SOPA/PIPA Votes Postponed Indefinitely!
The Stop Online Piracy Act (SOPA) and Protect Internet Property Act (PIPA), two highly controversial pieces of anti-piracy legislation, are dead in the water. For now.
The Raw Story reports that House Judiciary Chairman Lamar Smith (R-TX) and Senate Majority Leader Harry Reid (D-NV) announced Friday that votes on the acts have been indefinitely postponed, but lawmakers who support the measures, which are backed by powerful entertainment industry interests, vowed to press on with the legislation after changing some of the more contentious language it contains.
“There is no reason that the legitimate issues raised by many about this bill cannot be resolved,” Reid explained in a statement. “Counterfeiting and piracy cost the American economy billions of dollars and thousands of jobs each year, with the movie industry alone supporting over 2.2 million jobs.”

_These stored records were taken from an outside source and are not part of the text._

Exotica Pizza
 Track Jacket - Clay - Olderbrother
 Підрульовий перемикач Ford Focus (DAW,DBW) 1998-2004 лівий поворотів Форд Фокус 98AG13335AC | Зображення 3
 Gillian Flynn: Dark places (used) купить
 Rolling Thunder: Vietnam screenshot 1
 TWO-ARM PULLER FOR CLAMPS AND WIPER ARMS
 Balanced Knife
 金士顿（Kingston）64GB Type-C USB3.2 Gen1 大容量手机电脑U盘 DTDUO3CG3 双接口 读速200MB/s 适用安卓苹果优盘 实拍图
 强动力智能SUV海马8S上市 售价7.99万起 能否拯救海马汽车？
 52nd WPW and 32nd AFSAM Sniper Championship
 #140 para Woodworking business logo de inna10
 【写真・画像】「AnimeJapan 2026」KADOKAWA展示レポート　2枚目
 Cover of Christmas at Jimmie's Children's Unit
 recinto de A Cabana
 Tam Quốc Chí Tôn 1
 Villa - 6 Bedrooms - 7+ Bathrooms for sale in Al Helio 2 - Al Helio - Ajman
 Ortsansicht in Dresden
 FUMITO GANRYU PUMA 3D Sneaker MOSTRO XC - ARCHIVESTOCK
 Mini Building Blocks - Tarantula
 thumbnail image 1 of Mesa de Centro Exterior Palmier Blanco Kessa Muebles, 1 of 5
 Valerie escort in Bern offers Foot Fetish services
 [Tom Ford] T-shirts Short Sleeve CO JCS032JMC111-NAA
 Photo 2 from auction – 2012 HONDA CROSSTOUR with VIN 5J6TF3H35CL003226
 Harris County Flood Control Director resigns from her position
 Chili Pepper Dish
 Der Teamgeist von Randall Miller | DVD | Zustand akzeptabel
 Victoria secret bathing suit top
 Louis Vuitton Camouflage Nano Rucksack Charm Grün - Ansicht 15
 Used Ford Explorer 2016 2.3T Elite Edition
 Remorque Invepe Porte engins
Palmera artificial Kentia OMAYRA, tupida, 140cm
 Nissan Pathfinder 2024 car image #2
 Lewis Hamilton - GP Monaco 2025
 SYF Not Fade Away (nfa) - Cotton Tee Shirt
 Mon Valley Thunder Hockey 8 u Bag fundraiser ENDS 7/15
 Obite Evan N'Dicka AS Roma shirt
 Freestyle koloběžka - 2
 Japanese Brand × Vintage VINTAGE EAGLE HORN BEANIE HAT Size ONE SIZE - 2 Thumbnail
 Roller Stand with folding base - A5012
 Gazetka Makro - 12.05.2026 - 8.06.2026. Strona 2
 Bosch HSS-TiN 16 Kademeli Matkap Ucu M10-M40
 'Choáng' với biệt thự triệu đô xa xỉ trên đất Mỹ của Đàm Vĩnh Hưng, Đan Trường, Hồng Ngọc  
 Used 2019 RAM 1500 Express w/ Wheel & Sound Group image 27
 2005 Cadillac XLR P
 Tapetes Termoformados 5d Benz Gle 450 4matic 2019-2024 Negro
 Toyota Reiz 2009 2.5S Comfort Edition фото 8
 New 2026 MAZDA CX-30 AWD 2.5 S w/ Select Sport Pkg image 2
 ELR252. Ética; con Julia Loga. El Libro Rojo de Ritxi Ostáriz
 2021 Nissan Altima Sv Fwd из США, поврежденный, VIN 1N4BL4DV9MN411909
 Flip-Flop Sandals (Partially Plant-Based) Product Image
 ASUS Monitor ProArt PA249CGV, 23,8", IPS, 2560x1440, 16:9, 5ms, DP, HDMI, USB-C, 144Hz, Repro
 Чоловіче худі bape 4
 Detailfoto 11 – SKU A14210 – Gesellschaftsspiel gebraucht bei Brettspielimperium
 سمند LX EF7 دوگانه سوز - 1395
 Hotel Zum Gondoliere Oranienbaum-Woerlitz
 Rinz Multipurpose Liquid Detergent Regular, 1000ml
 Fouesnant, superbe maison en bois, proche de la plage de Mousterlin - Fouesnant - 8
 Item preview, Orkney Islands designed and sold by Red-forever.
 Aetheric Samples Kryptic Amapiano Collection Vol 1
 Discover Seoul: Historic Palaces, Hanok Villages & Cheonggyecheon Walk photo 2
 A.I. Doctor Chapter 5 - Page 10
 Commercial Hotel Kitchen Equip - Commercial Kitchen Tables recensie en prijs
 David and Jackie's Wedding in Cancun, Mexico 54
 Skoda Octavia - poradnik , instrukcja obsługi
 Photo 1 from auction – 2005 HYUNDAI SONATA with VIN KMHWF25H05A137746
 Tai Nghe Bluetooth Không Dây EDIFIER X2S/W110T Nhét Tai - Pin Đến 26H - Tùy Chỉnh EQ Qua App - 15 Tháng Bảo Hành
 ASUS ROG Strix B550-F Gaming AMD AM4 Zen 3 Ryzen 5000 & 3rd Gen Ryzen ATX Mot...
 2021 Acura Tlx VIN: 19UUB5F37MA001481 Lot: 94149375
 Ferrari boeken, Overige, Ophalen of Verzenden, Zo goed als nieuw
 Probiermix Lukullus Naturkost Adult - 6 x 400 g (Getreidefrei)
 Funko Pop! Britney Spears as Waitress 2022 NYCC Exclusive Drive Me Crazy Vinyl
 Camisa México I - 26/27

“We must take action to stop these illegal practices,” he added. We live in a country where people rightfully expect to be fairly compensated for a day’s work, whether that person is a miner in the high desert of Nevada, or an independent band in New York City, or a union worker on the back lots of a California movie studio. I admire the work that Chairman Leahy has put into this bill. I encourage him to continue engaging with all stakeholders to forge a balance between protecting Americans’ intellectual property, and maintaining openness and innovation on the internet. We made good progress through the discussions we’ve held in recent days, and I am optimistic that we can reach a compromise in the coming weeks.”
Intense public pressure certainly helped scuttle SOPA and PIPA. But many Democrats, who receive large sums of money from groups supporting the legislation, such as the Motion Picture Association of America (MPAA), have continued to back the measures. President Barack Obama has backed away from his earlier support for the bills, provoking threats from Hollywood bigwigs to turn their backs on the President as he ramps up his reelection bid.
In abandoning support for the measures, the White House asserted that any anti-piracy legislation must balance censorship concerns with the need to protect intellectual property rights.
Even though votes on the bills have been thwarted, supporters have vowed to press forward with anti-piracy legislation. Backers are discussing ways to make the bills more palatable, such as nixing provisions mandating search engine and DNS blockades.
Still, for now the internet as we know it has won a great victory. Online piracy is indeed a major problem, but to combat it effectively lawmakers will have to find a way to address the scourge of intellectual property theft without tramping on the civil liberties that are the foundation of any healthy free society.